[[ Exercise inputs, beginning ]]
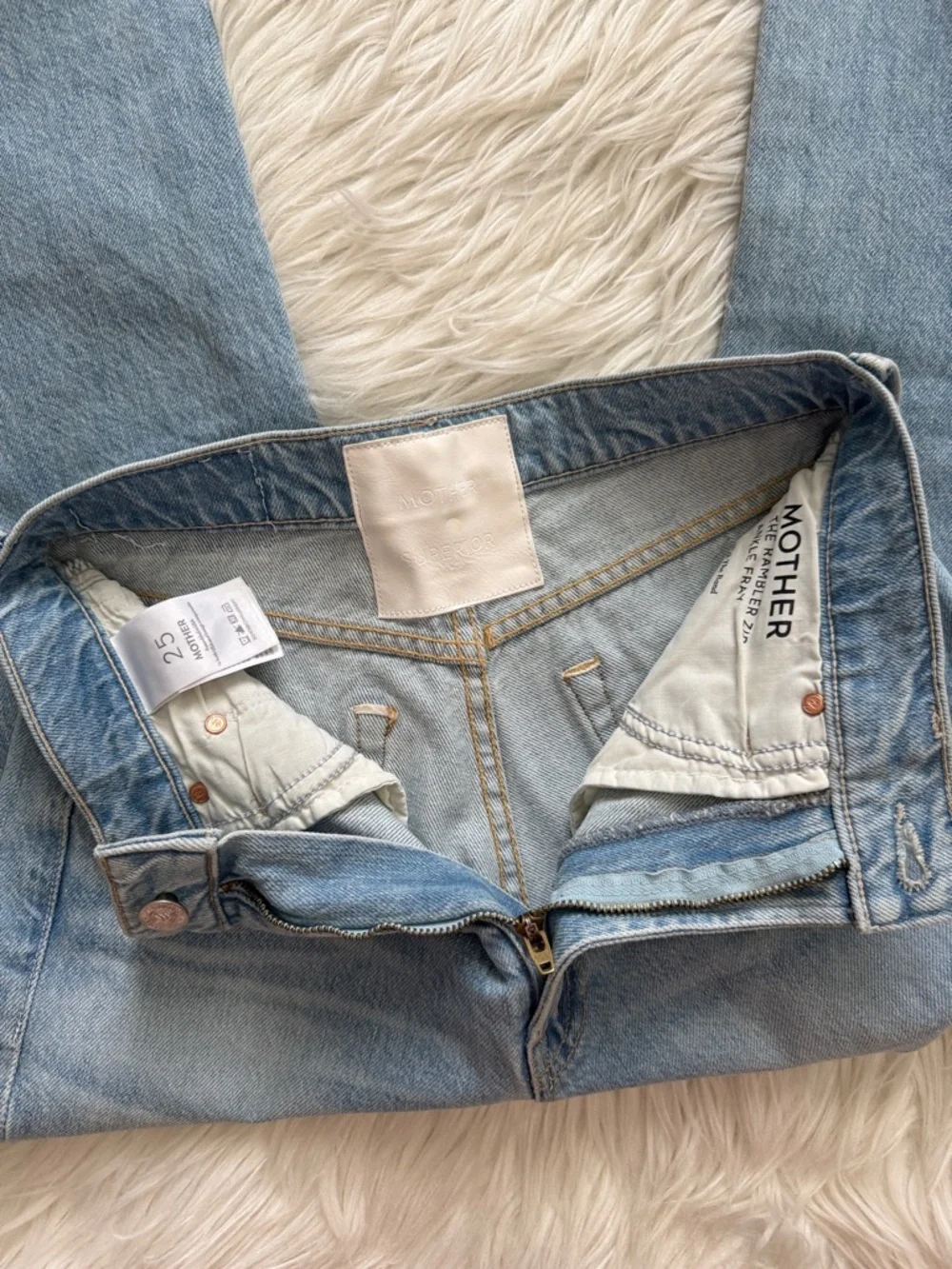 MOTHER "The Rambler Zip Ankle Fray" Blue Jeans Size 25 - Picture 8 of 16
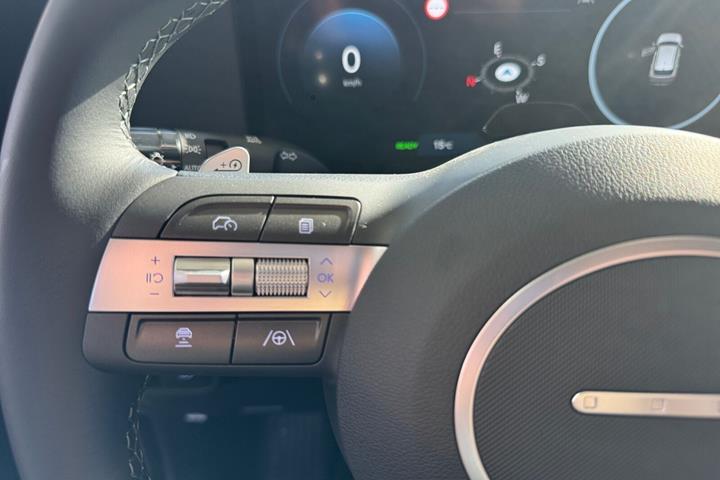 Grå Hyundai Kona fra 2025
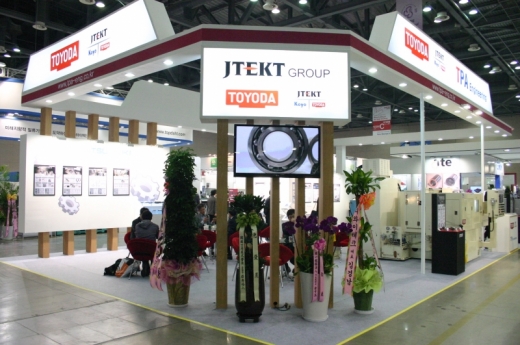 [심토스 2014 현장스케치] TPA엔지니어링 CNC원통연삭기&초정밀 머시닝센터 공급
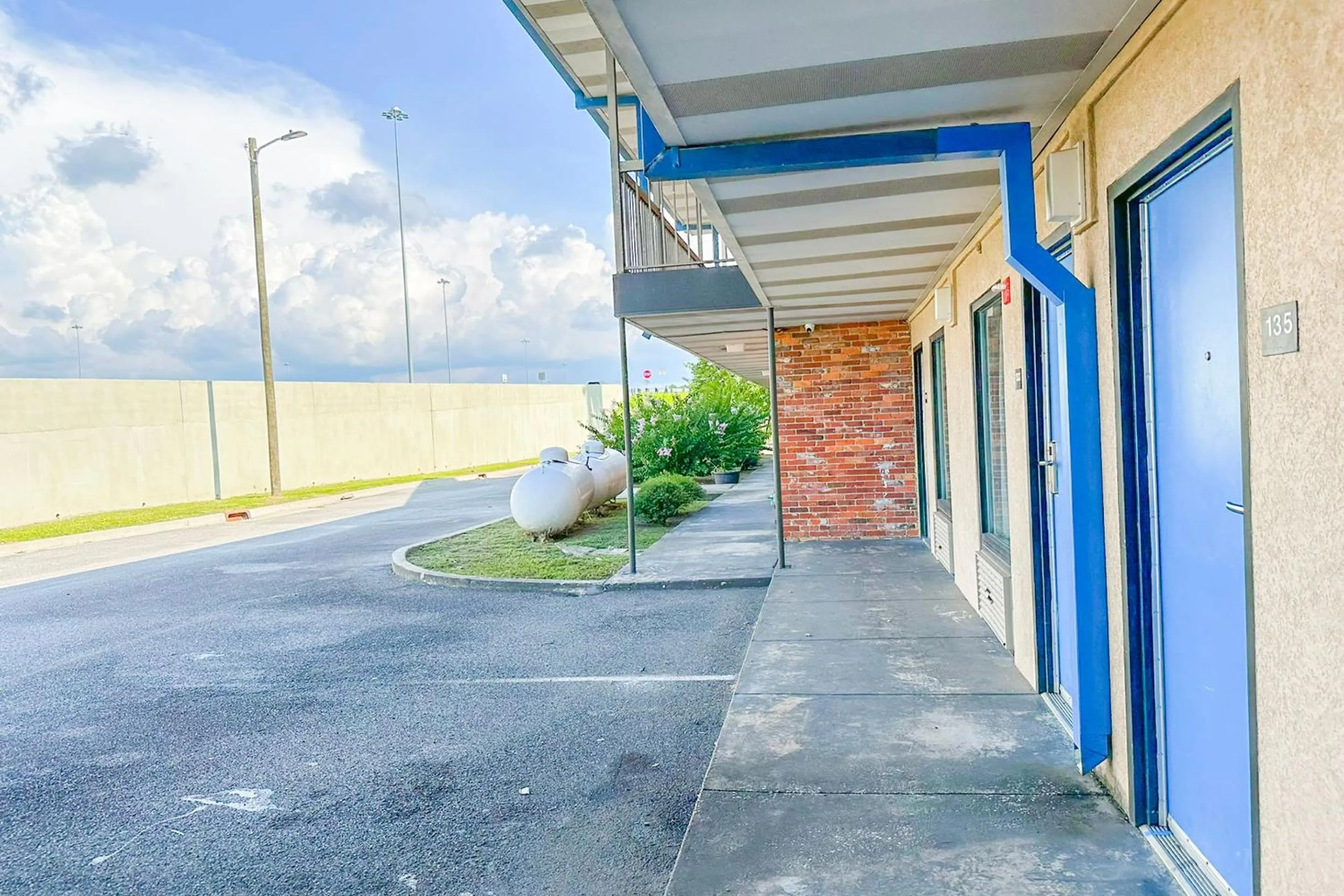 Lobby or reception in Hahira Inn By OYO near Valdosta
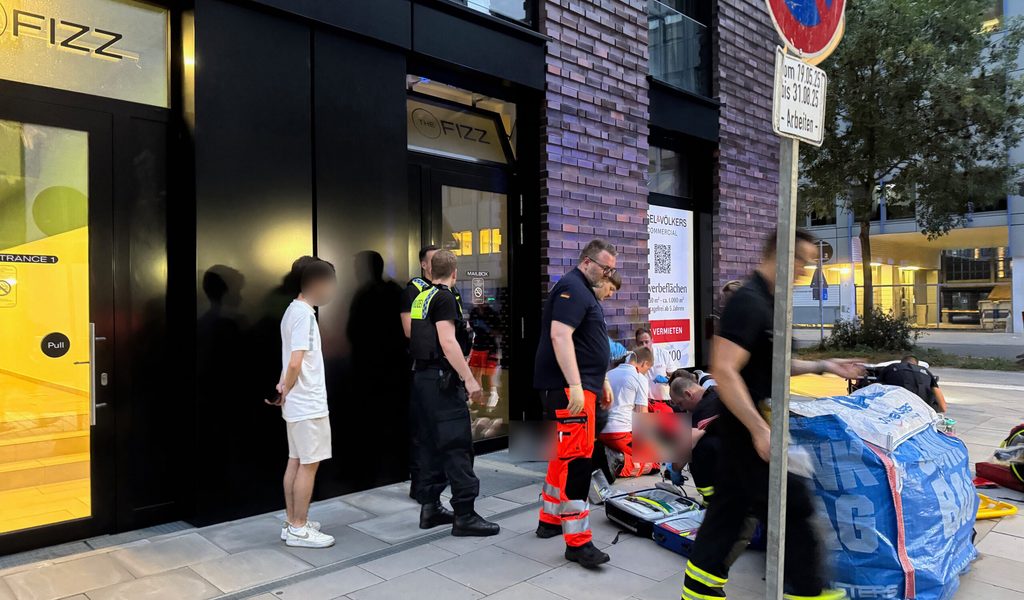 Waghalsige Aktion in Hamburg: Frau klettert Fassade hoch – und stürzt ab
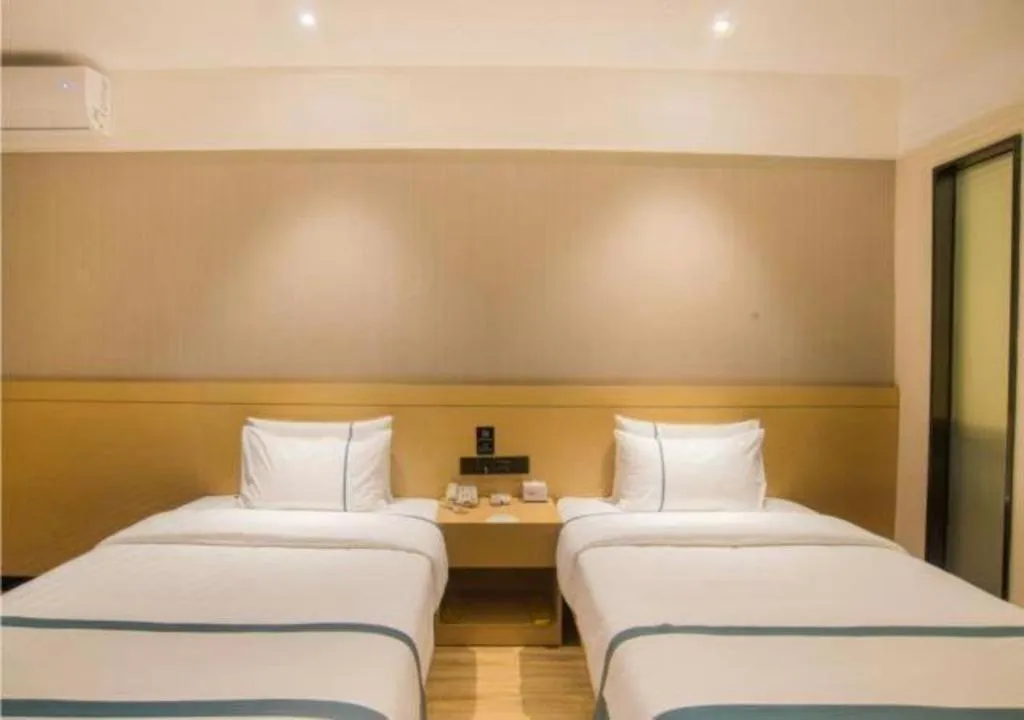 Bed in City Comfort Inn Liuzhou Longtan Park Ma'anshan Baiyun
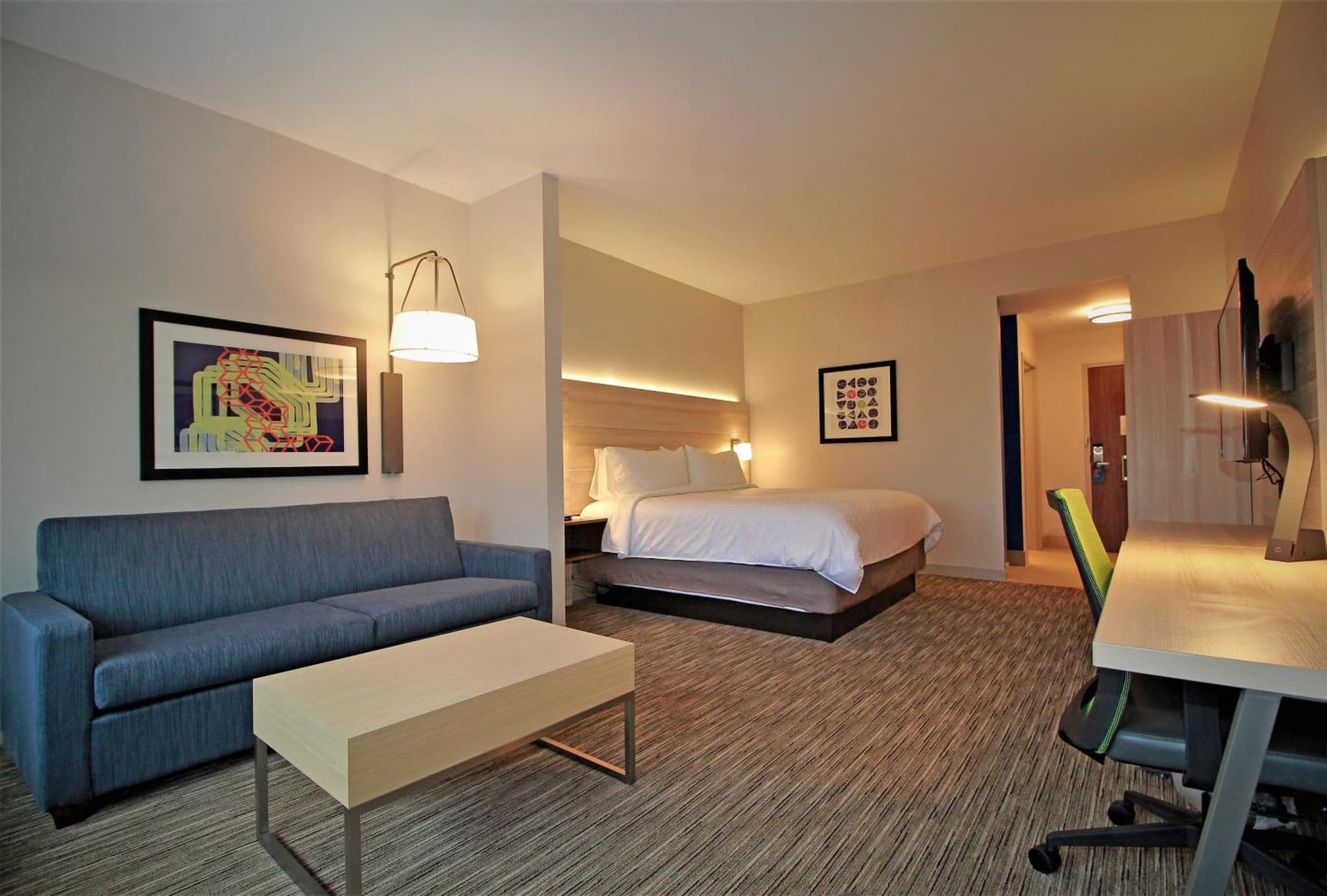 Holiday Inn Express & Suites Ocala by IHG interior in Ocala, FL — gallery photo 2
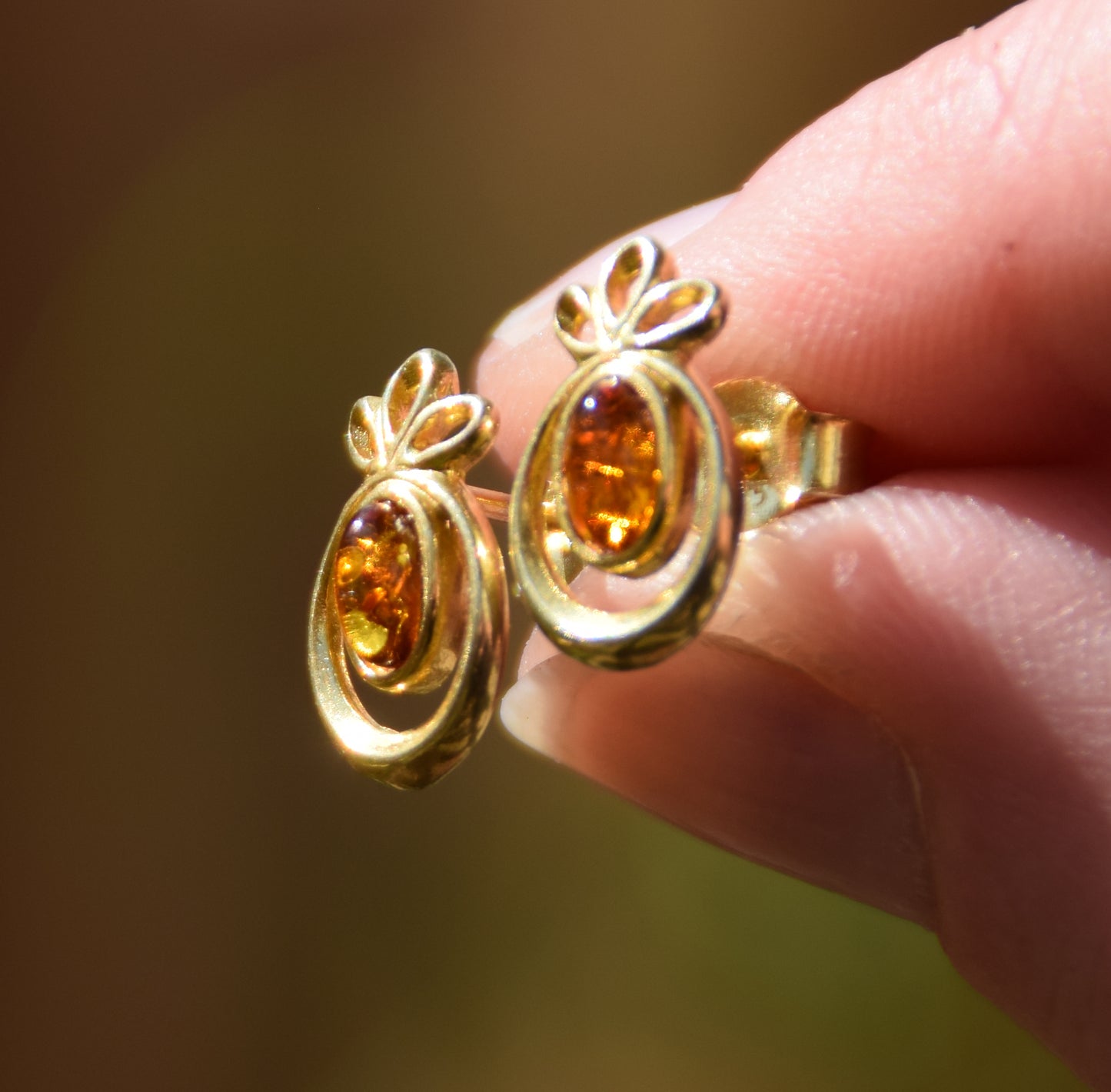 MJ Baltica, orecchini, Ambra naturale Baltica, Argento 925, placcato in Oro 18k, cognac, luminoso, artigianale, BZK111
[[ Exercise inputs, end ]]
* **What is needed**:
Set down word for word, from the line that contains "Holiday Inn Express" to the end of the listing above, every line and no picture.

* **Answer to the exercise**:
 Holiday Inn Express & Suites Ocala by IHG interior in Ocala, FL — gallery photo 2
 MJ Baltica, orecchini, Ambra naturale Baltica, Argento 925, placcato in Oro 18k, cognac, luminoso, artigianale, BZK111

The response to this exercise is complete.